Joe Touch and I have been discussing off-list about a study
I have been involved with over the past few years which has
resulted in the following two Internet-Drafts:

  http://www.ietf.org/internet-drafts/draft-templin-ipvlx-01.txt
  http://www.ietf.org/internet-drafts/draft-templin-ipvlx-errata-05.txt

and an updated version that will obsolete both of these at:

  http://ipvlx.com/IPVLX.txt

The study proposes mechanisms and operational practices for
establishing virtual links between IP peer end nodes. The virtual
link can provide authentication (e.g., using Secure Neighbor
Discovery - SEND) and confidentiality (e.g., using IPSec). In
some cases, the virtual link can be extended all the way to the
end nodes but in other cases it may be desireable to terminate
the link at a router in the end node's network, e.g., to protect
people and assets from would-be attackers. (Both alternatives are
supported in the model proposed by the study.)

The study proposes IPv6 as the L3 protocol for end-node addressing
and IPv4 as the L2 protocol, i.e., IPv6-in-IPv4 tunneling, but it
could easily be extended to deal generically with IP-in-IP tunneling
(where "IP" could refer to any IP version). The study proposes special
nodes called: "IPvLX Gateways" that get involved in establishing and
providing transit switching for virtual links. These nodes exhibit
some of the same hybrid routing/bridging features proposed for Rbridges,
and can be deployed incrementally without requiring flag-day upgrades
of existing routers and bridges. In fact, IPvLX gateways need only
be deployed in the same locations that an IPv4 NAT would be deployed.

While the study presents a big-picture proposal for a next-generation
Internet architecture, it is also useful to consider the component
aspects seperately. In particular:

  1) Autoconfiguration - IPvLX nodes automatically configure
     themselves for operation with zero configuration.

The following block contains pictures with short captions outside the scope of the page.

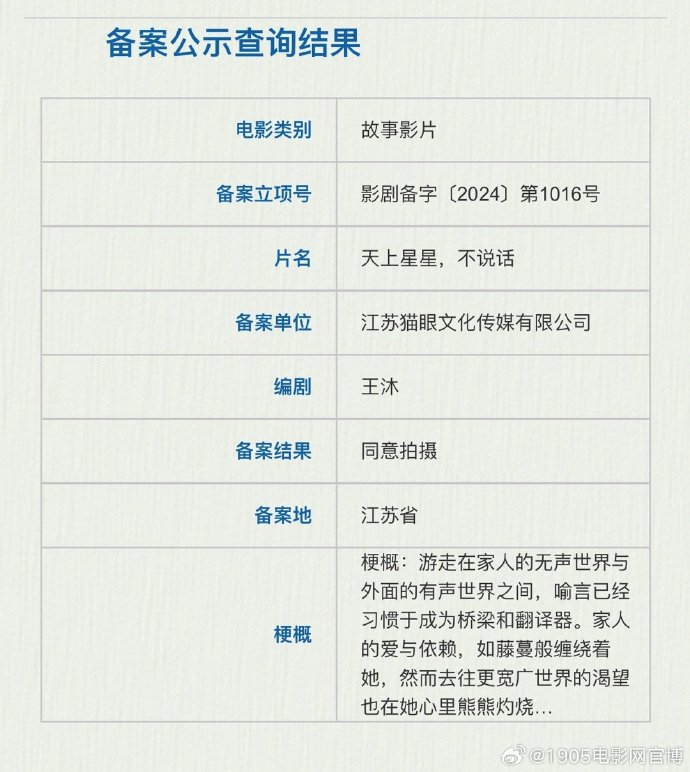 资讯丨彭昱畅周也《云边有个小卖部》定档6.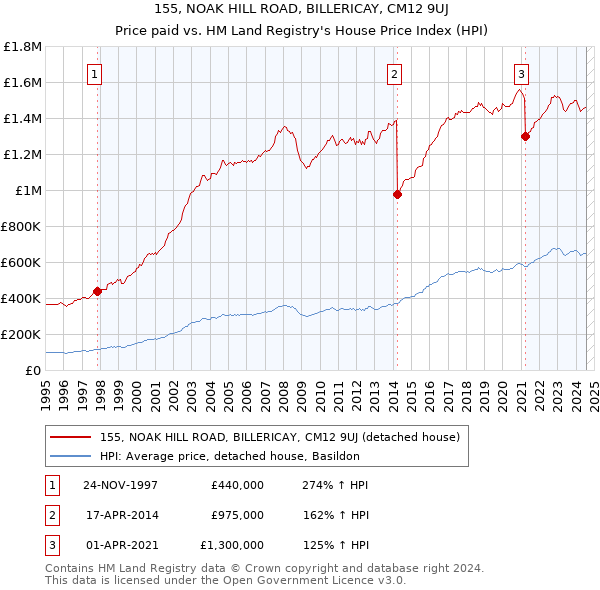 155, NOAK HILL ROAD, BILLERICAY, CM12 9UJ: Price paid vs HM Land Registry's House Price Index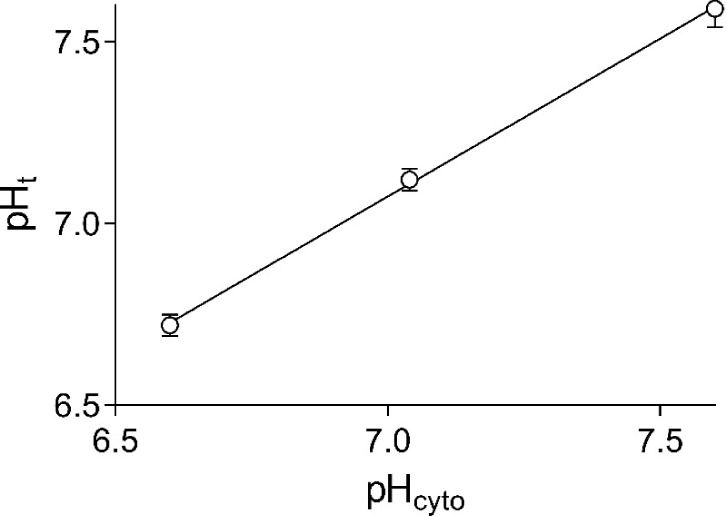 Figure 8.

  2) Encapsulation - the study proposes a special encapsulation in
     the L2 (IPv4) header to encode flow identification information.

  3) Link adaptation - the study proposes a link adaptation scheme
     used by virtual link endpoints to dynamically determine the
     best-fit L2 segment size (without packet loss) while presenting
     a uniform MTU to L3.

  4) Virtual link extension - the study proposes methods for
     establishing virtual links through Secure Neighbor Discovery
     and establishing soft state for flow switching in intermediate
     IPvLX gateways.

  5) Error handling - a method for relaying ICMPv4 error messages
     back to the IPvLX gateway at the near-end of a virtual link
     is proposed.

  6) Mobilitiy - aspects of IPvLX node mobility are discussed.
       

Although this study is now concluded, it is my sincere hope
that some/all of its aspects may be found useful for adoption
as work items for this group and that others will be interested
in helping to carry the work forward.

Please send any questions/comments,

Fred L. Templin
American Kestrel Consulting
fltemplin at acm.org